50 years ago, one of the fundamental differences of the RFC series from other standards at the time was that:

  • anyone could write an RFC for free.
  • anyone could read the RFCs for free. They were open to all to read, without any fee or membership

As Steve Crocker notes in his recollections, this enabled the RFC documents to be widely distributed around the world, and studied by students, developers, vendors and other professionals. This allowed people to learn how the ARPANET, and later the Internet, worked – and to build on that to create new and amazing services, systems and software

This openness remains true today. While the process of publishing a RFC is more rigorous, anyone can start the process. You are not required to be a member (or pay for a membership) to contribute to or approve standards.  And anyone, anywhere, can read all of the RFCs for free.  You do not have to pay to download the RFCs, nor do you have to be a member of any organization. 

More than anything, this open model of how to work together to create voluntary open standards is perhaps the greatest accomplishment of the RFC process. The Internet model of networking has thrived because it is built upon these open standards.

Standards may come and go over time, but the open way of working persists.

While we may no longer use NCP or some of the other protocols defined in the early RFCs, we are defining new protocols in new RFCs.  The next 1,000s RFCs will define many aspects of the Internet of tomorrow.[3]

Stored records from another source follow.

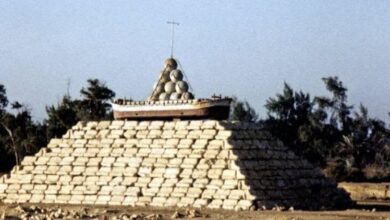 الجسر الإسرائيلي الحجري فوق قناة السويس. بقلم/ جرجس أبادير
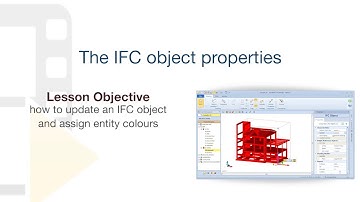 Edificius Tutorial - The IFC object properties - ACCA software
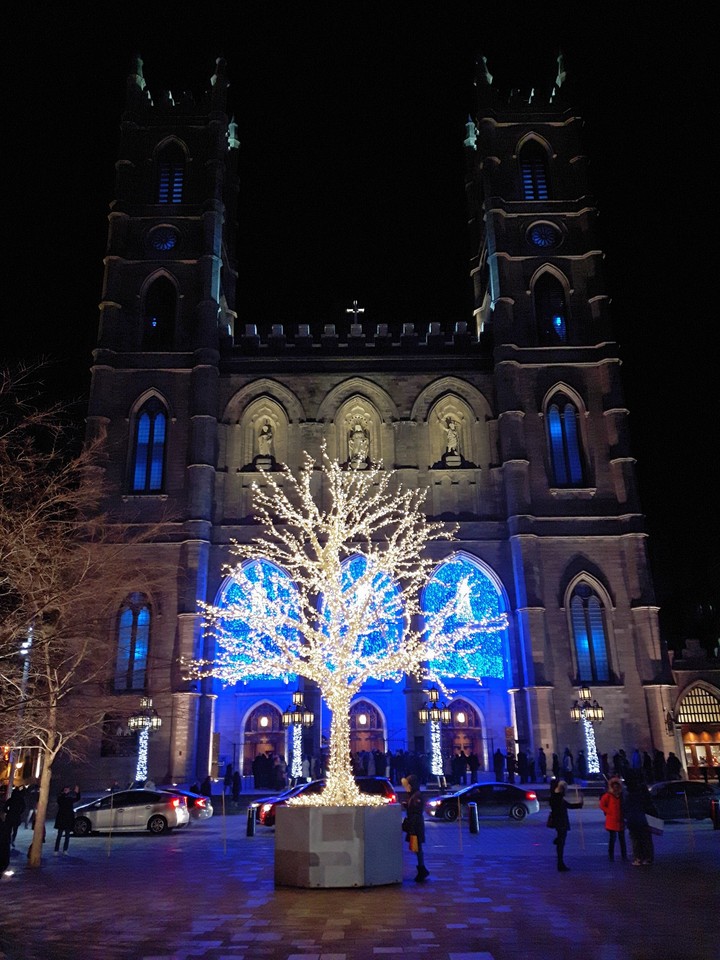 Basilique Notre-Dame, Montréal
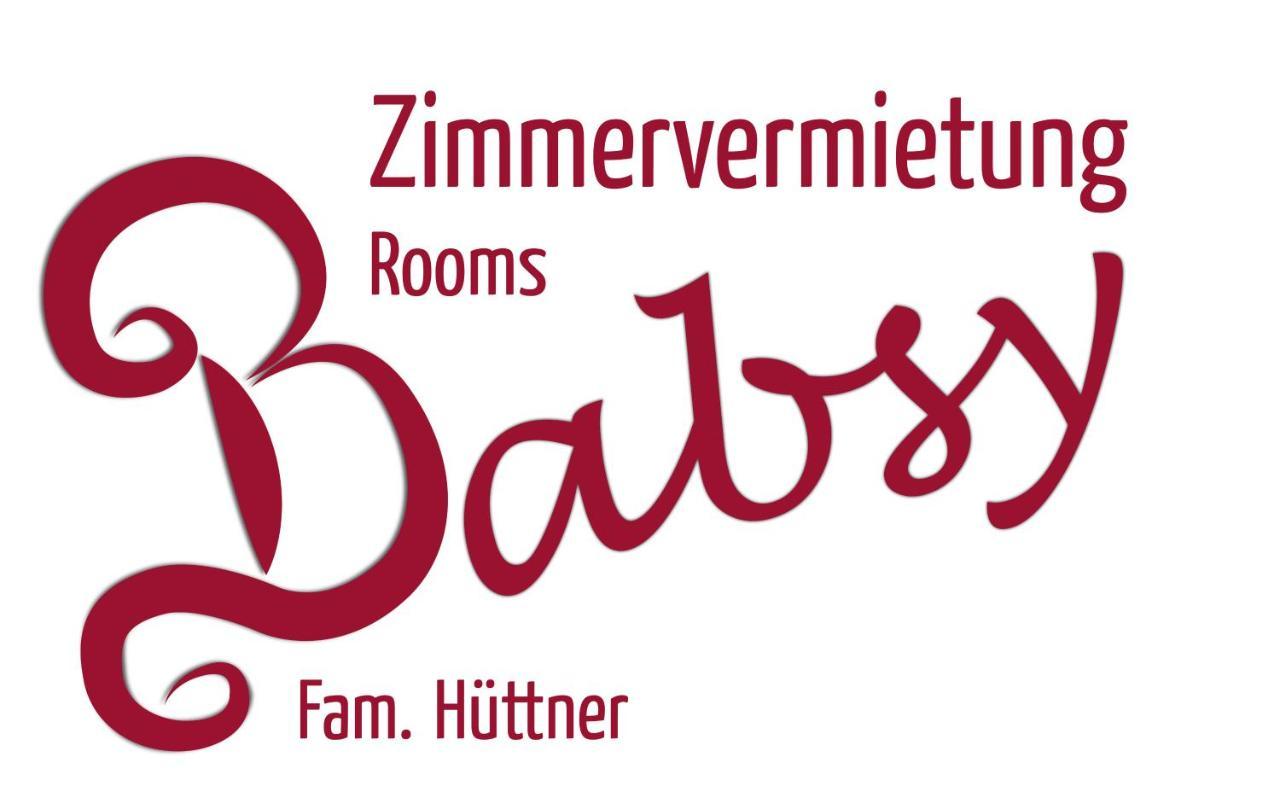 Zimmervermietung Babsy Bed & Breakfast Zell am See Dış mekan fotoğraf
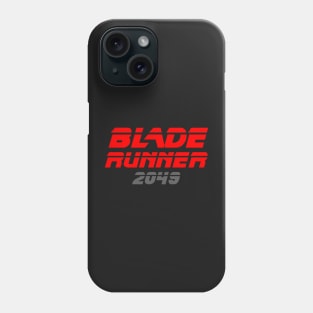 Blade Runner 2049 (Red & Grey) Phone Case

We may not know exactly how that future Internet will work, but it’s a pretty good guess that it will be defined in part through RFCs.



[1] See our History of the Internet page for more background.

[2] For more explanation of the different types of RFCs, see “How to Read a RFC“.

[3] As noted in our 2019 Global Internet Report section on “Takeaways and Observations”, we are concerned that an increasing number of new services and applications on the Internet are relying on application programming interfaces (APIs) controlled by the application or platform owner rather than on open standards defined by the larger Internet community.